┌────────
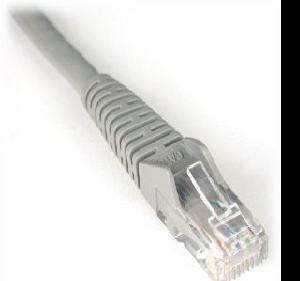 Tripp Lite 10ft Cat6 Gigabit Snagless Molded Patch Cable Rj45 M/m Gray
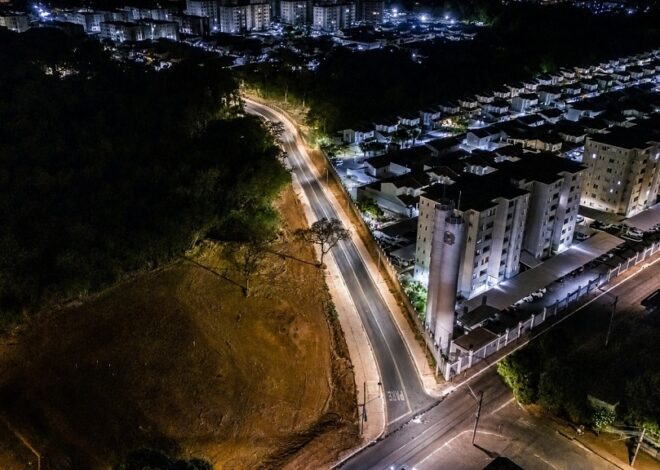 Aparecida amplia iluminação pública em 11 novos trechos com LED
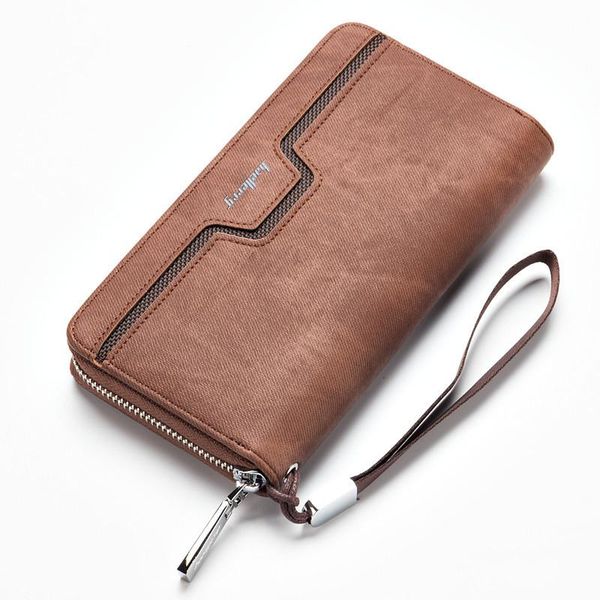 

wallets men's men long purse wallet male clutch pu leather zippers business coin, Red;black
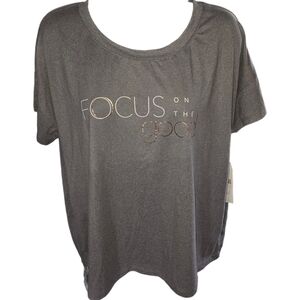 NWT Danskin "Focus On The Good" Short Sleeve Tee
└────────
### Your task
Every line from the line containing "wallets men's men" through the last line above is to be printed exactly. Pictures are not copied.

### Solution
wallets men's men long purse wallet male clutch pu leather zippers business coin, Red;black
 NWT Danskin "Focus On The Good" Short Sleeve Tee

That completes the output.